慶大教養研究センター主催「情報の教養学」春学期第2回講演が先月4日、日吉キャンパス来往舎で開かれた。今回は「データでサッカーの見方が変わる」と題し、慶大総合政策学部専任講師の永野智久氏が登壇した。永野氏はスポーツ心理学や人間工学を専門に研究している。サッカーのデータに関する活用方法や日本における問題点を考察した。

サッカーは野球と異なり、プレーが流動的なスポーツである。そのため、試合時に出される情報はシュートやゴールキック数といったものに限られ、野球のように選手の情報を提示するのは困難であった。しかし、近年ではシュートにつながったアシストや、選手間でのパス頻度、ボールを持っていない選手の動きなども重視するようになった。さらに練習時からデータを集め、けがの防止に役立てるという新たな動きもある。

一方、データの扱いにおける日本の問題点として「欧米と比べ、データが表に出てこないところにある」と永野氏は指摘。

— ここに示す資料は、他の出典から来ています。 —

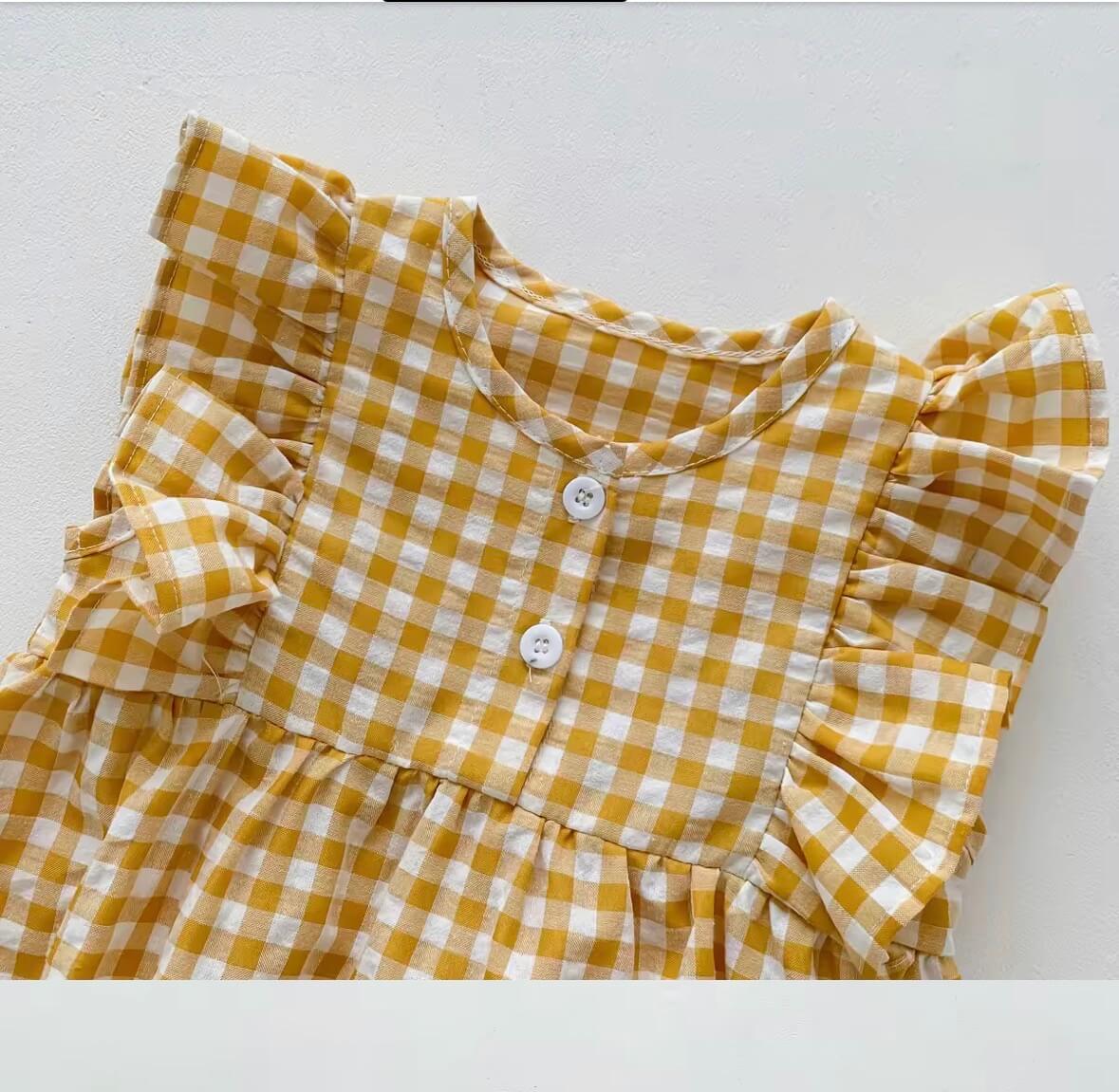 Yellow Checked Ruffle Sleeve Romper forBaby Girls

今後は採取した大量のデータを、どのようにして直感的に理解できる情報に加工し、人々を魅了できるかが重要になると語った。

最後に「数字にこだわらず、まずは好きなチームを応援してほしい。そして後で情報と共に見返せば、ただ観戦しただけではわからないゲームの面白いところや流れが理解できる」と話し、講演を締めくくった。

この「情報の教養学」講座は「データから情報へ」を共通のテーマとして開かれている。世の中に溢れる「データ」を価値のある「情報」に変え、新たな発見や研究に結びつける醍醐味を、さまざまな分野から招いた講師に語ってもらうことを主旨としている。